This node provides feedback and suggestions for improvement on the generated podcast script:

In [14]:
CRITIQUE_PROMPT = """You are a producer grading a podcast script.
Generate critique and recommendations for the user's submission.
Provide detailed recommendations, including requests for conciceness, depth, style, etc."""


# Generates a critique with feedback on the draft podcast script
def perform_critique_node(state: AgentState):
    messages = [
        SystemMessage(content=CRITIQUE_PROMPT),
        HumanMessage(content=state["draft"]),
    ]
    response = model.invoke(messages)
    return {"critique": response.content}

#### Research critique node

This node generates a new search query based on the critique of the script, aiming to address weaknesses and find additional information:

In [15]:
RESEARCH_CRITIQUE_PROMPT = """You are a writing assistant tasked with providing information that can
be used when making any requested revisions (as outlined below).
Generate one search query consisting of a few keywords that will be used to gather any relevant
information. Do not output any information other than the query consisting of a few words.

---

These were the past queries, so you can vary the query that you generate:

{queries}
"""


# Generates a new search query based on the critique
def research_critique_node(state: AgentState):
    messages = [
        SystemMessage(
            content=RESEARCH_CRITIQUE_PROMPT.format(queries=state["queries"])
        ),
        HumanMessage(content=state["critique"]),
    ]
    response = model.invoke(messages)
    queries = state.get("queries", [])
    if queries:
        queries.append(response.content)
    else:
        queries = [response.content]
    return {"queries": queries}


# Decide whether to continue to the next revision or end the process
def should_continue(state: AgentState):
    if state["revision_number"] > state["max_revisions"]:
        return END
    return "perform_critique"

## Define and compile the LangGraph workflow

This section defines the structure and flow of the AI podcast agent using LangGraph.

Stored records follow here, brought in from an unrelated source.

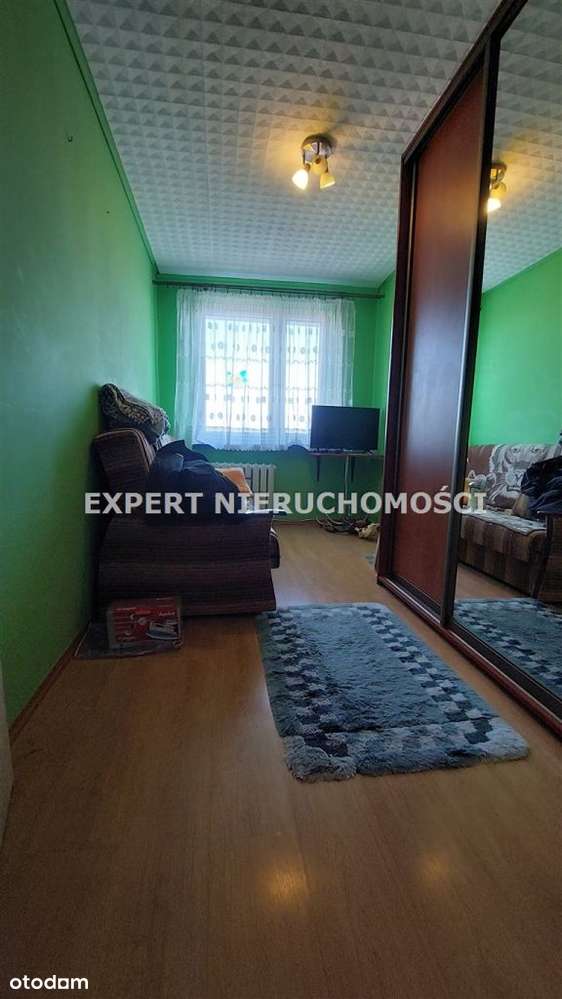 3 Pokoje Z Dużym Balkonem W Doskonałej Lokalizacji-10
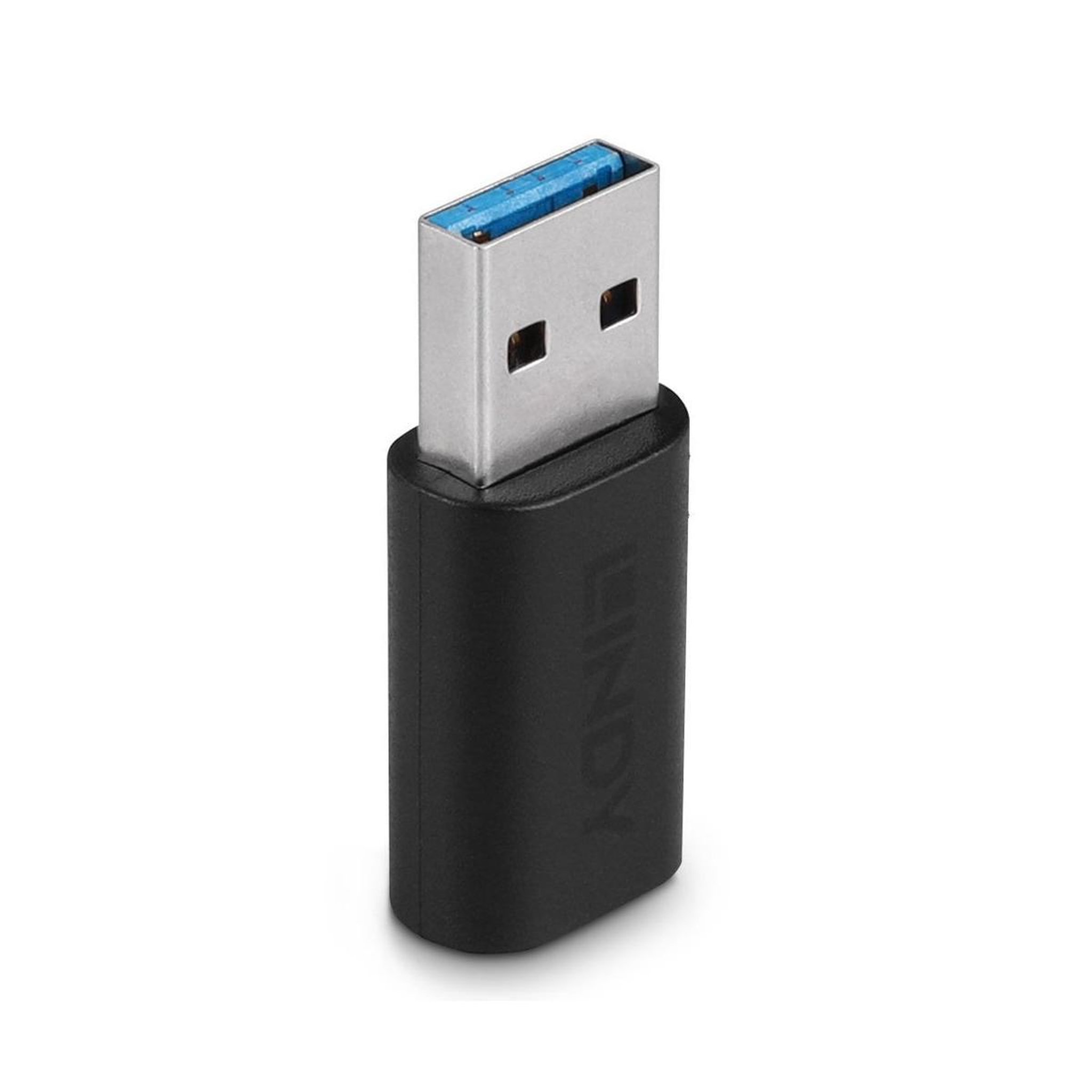 LINDY Lindy 41904 changeur de genre de câble usb 3.2 type a usb 3.2 type c noir
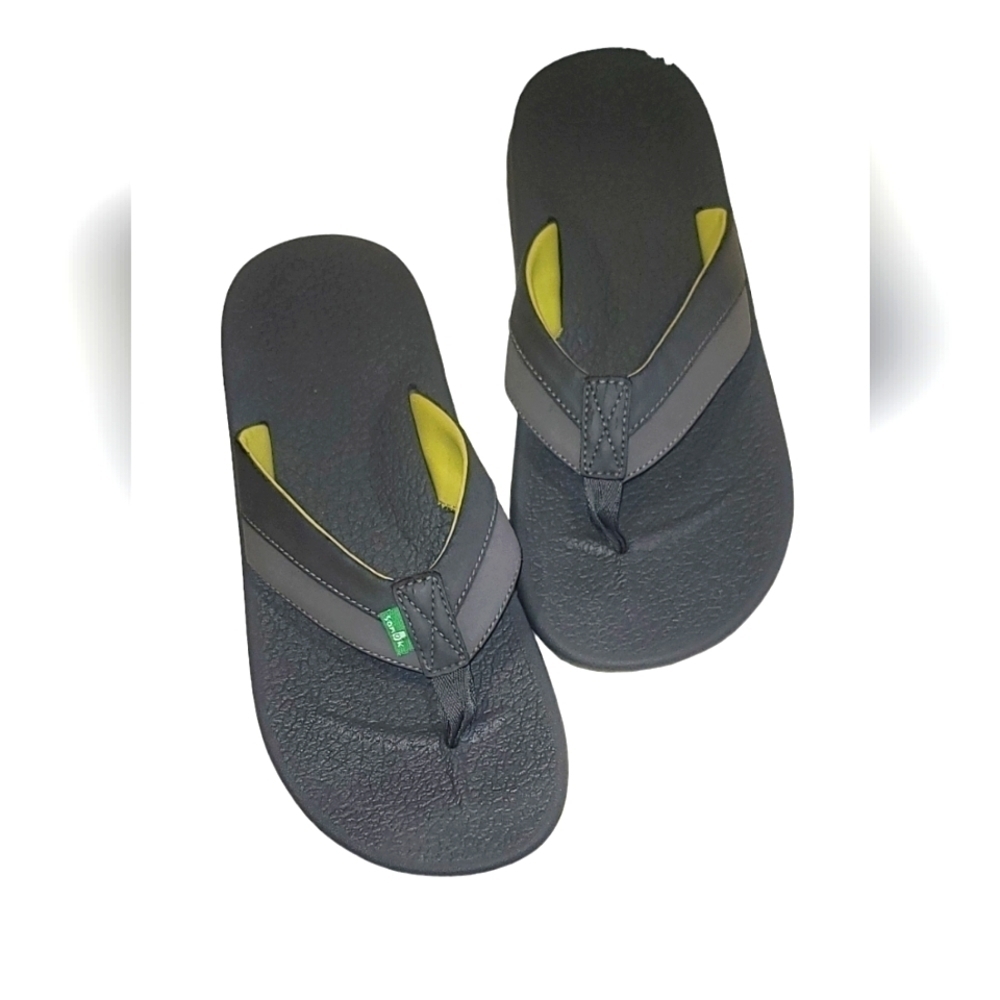 Sanuk Beer Cozy Men's Flip Flops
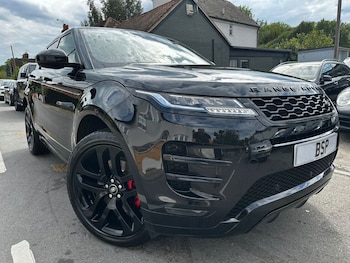 Used Land Rover Range Rover Evoque 2019 for sale - 78514613: Photo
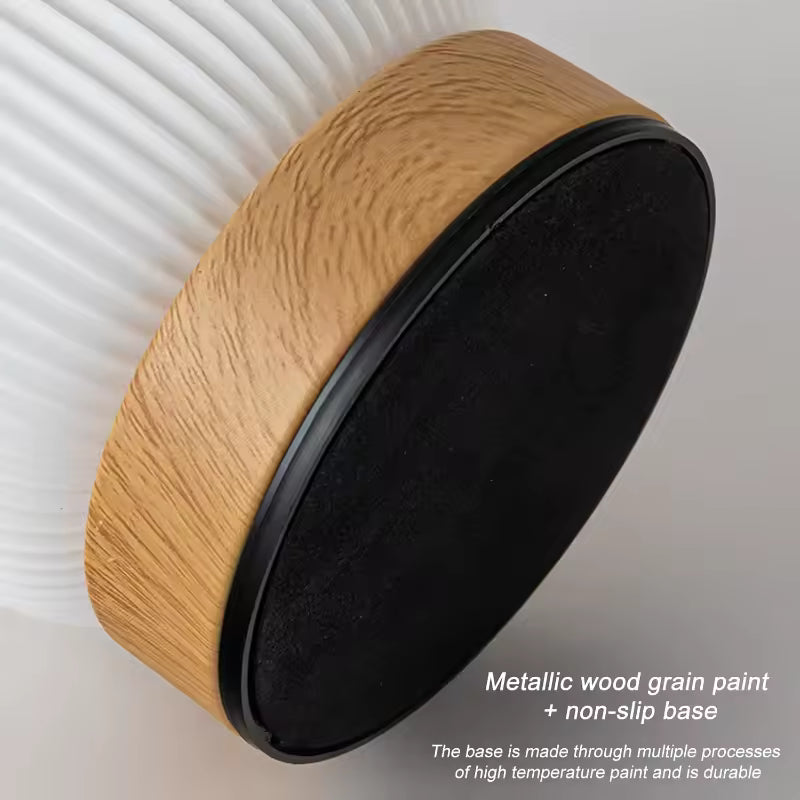 AmberGlow Touch Lamp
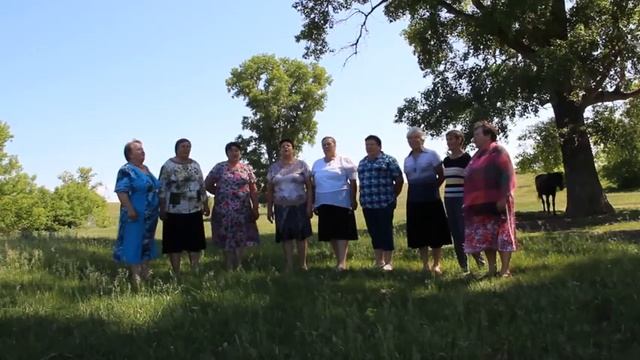 В огороде верба рясна смотреть онлайн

The workflow is constructed as a graph with nodes representing each stage in the process (e.g., outlining, research, script generation) and edges defining the transitions between these stages.

The workflow includes two main loops:

- **Research Loop:**  This loop iteratively plans and executes searches until a specified number of searches are completed.
- **Critique and Revision Loop:** This loop handles the script critique, additional research based on the critique, and script revision, repeating for a set number of revisions.

The `workflow.compile()` function transforms this graph definition into an executable workflow, incorporating memory management to maintain the agent's state throughout the process.

In [16]:
# Initialize the state graph
workflow = StateGraph(AgentState)

# Define the nodes of the workflow, representing each stage of the process
workflow.add_node("podcast_outline", podcast_outline_node)
workflow.add_node("research_plan", research_plan_node)
workflow.add_node("research_agent", research_agent_node)
workflow.add_node("generate_script", generate_script_node)
workflow.add_node("perform_critique", perform_critique_node)
workflow.add_node("research_critique", research_critique_node)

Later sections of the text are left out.